Could you restate every entry word for word, minus the pictures?

[[ Given records, beginning ]]

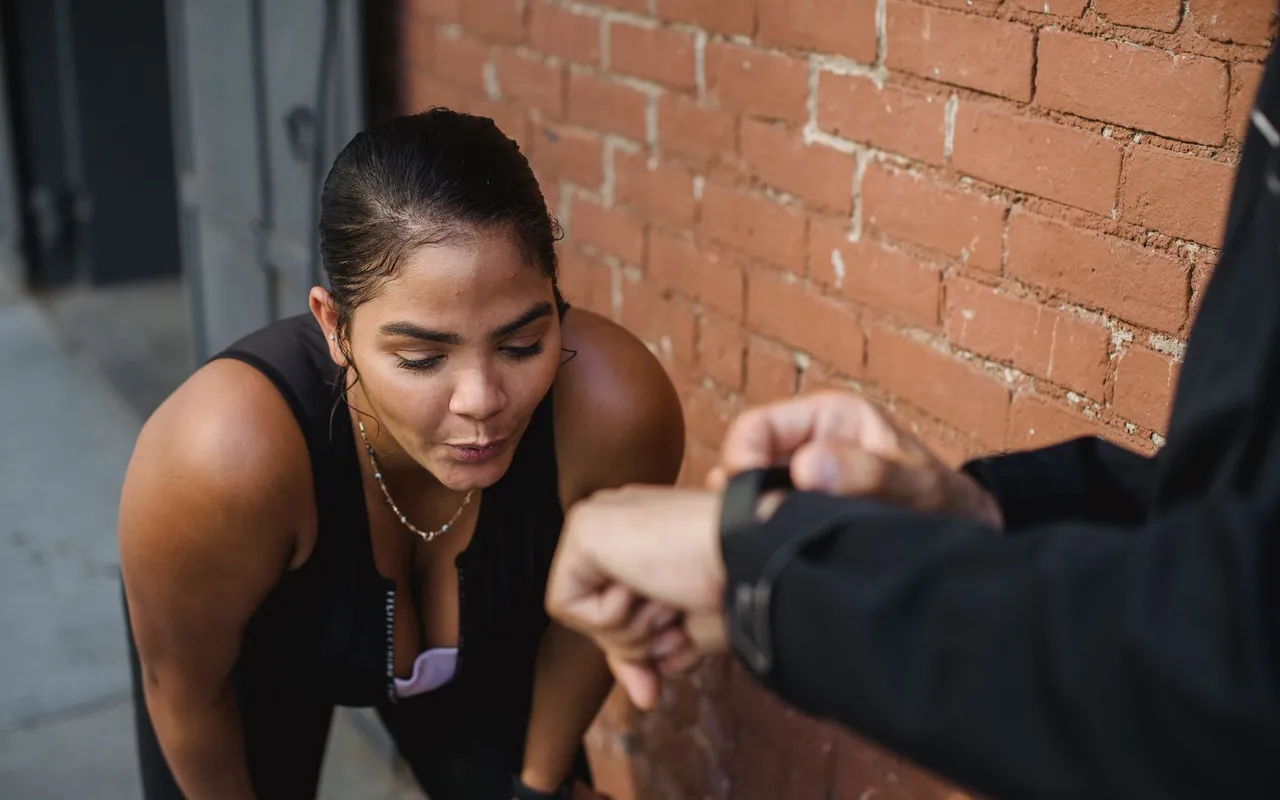 Montre connectée homme sport : les idées reçues qu'il faut abandonner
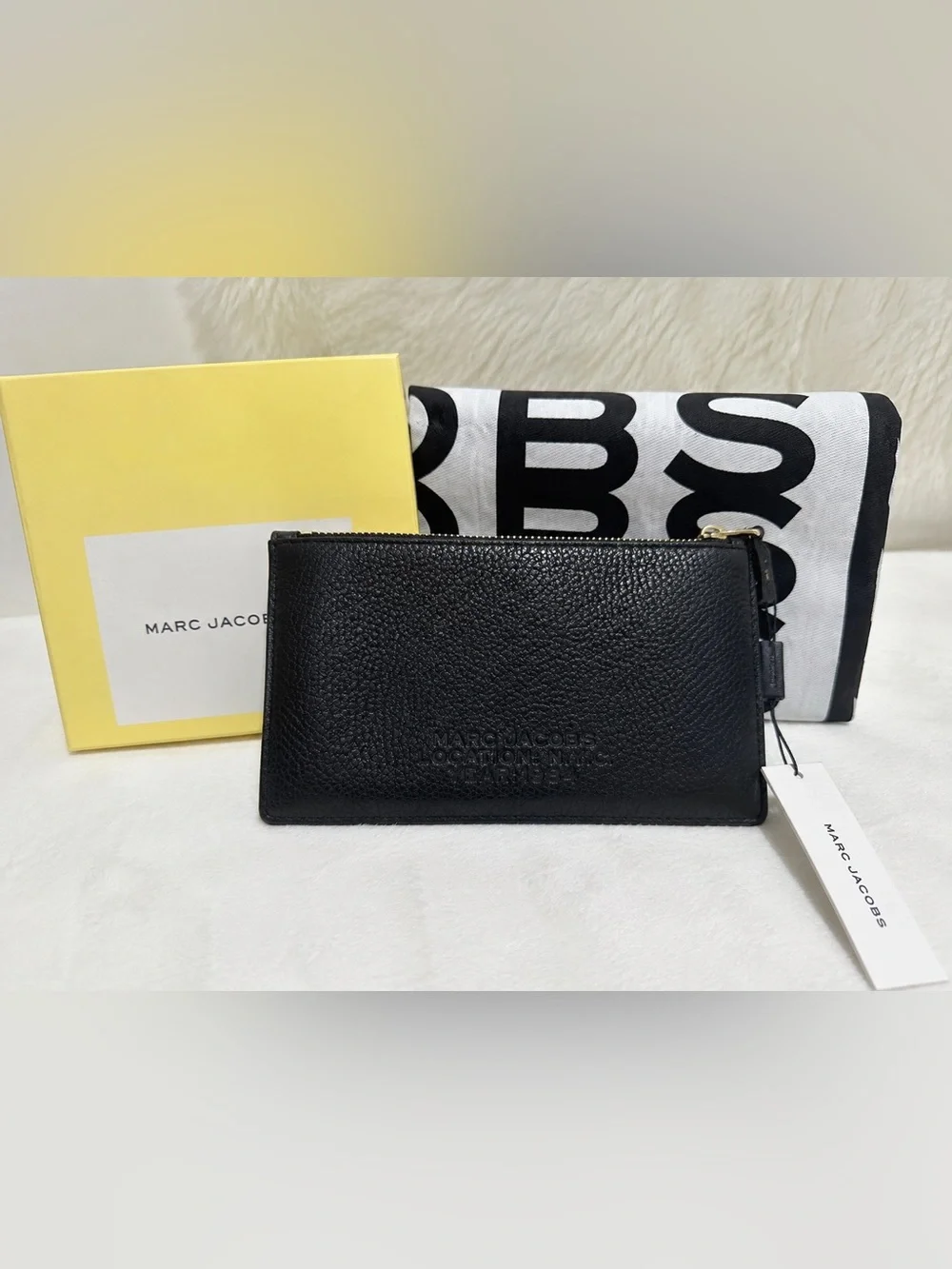 Marc Jacobs compact marc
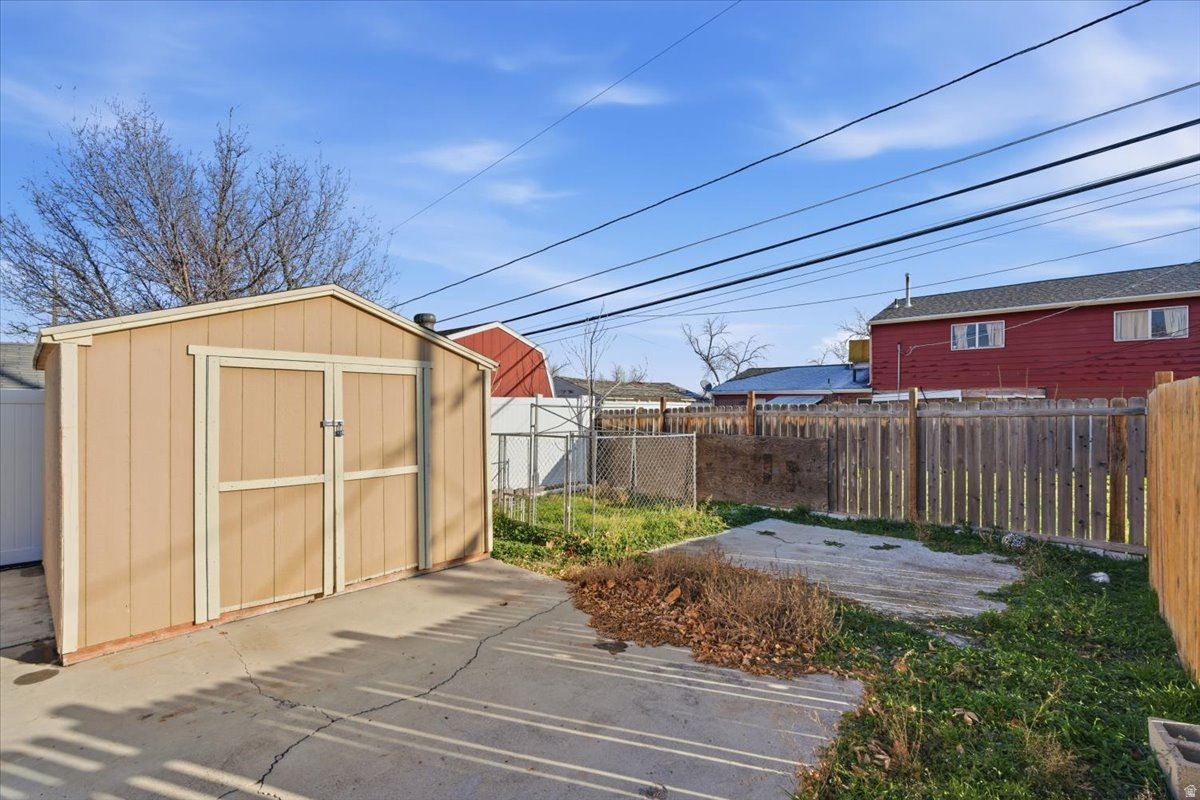 LAKE RIDGE - Residential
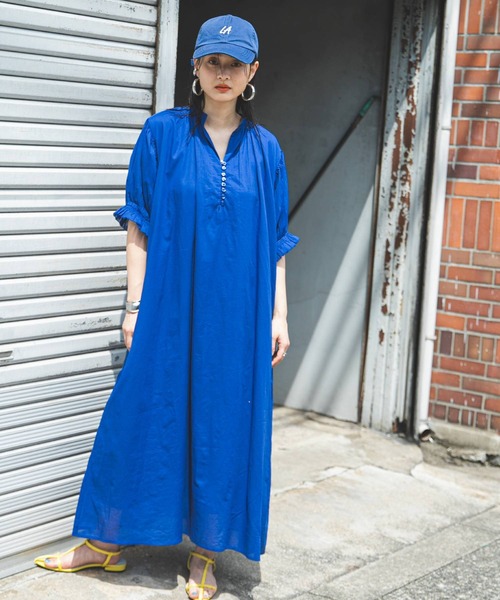 新品Mサイズブルーのワンピースミャクミャクコーデにどうぞ GU ワンピース（S）ロング 半袖 ブルー 夏色 ミャクミャクコーデ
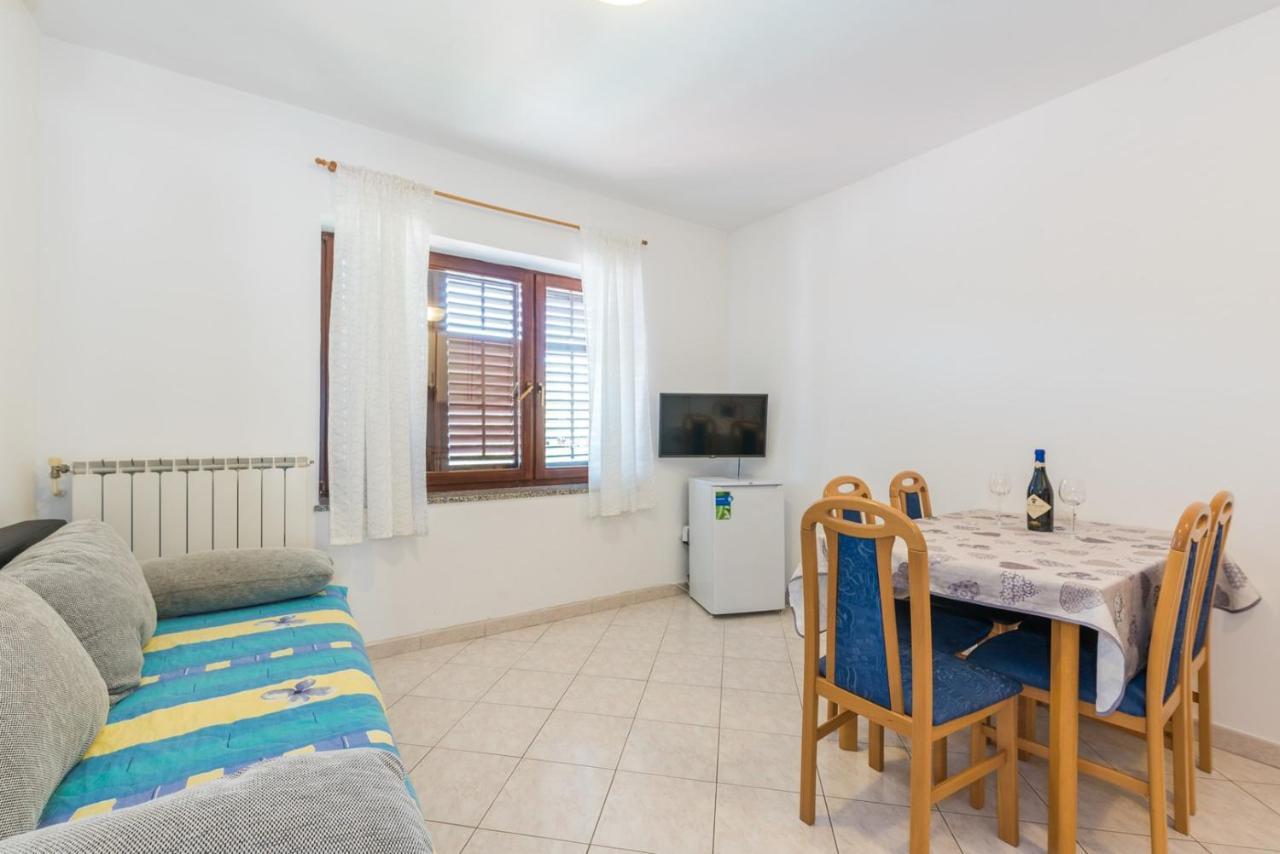 Apartments Villa Adria Rabac Bilik gambar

[[ Given records, end ]]

Solution –
 Montre connectée homme sport : les idées reçues qu'il faut abandonner
 Marc Jacobs compact marc
 LAKE RIDGE - Residential
 新品Mサイズブルーのワンピースミャクミャクコーデにどうぞ GU ワンピース（S）ロング 半袖 ブルー 夏色 ミャクミャクコーデ
 Apartments Villa Adria Rabac Bilik gambar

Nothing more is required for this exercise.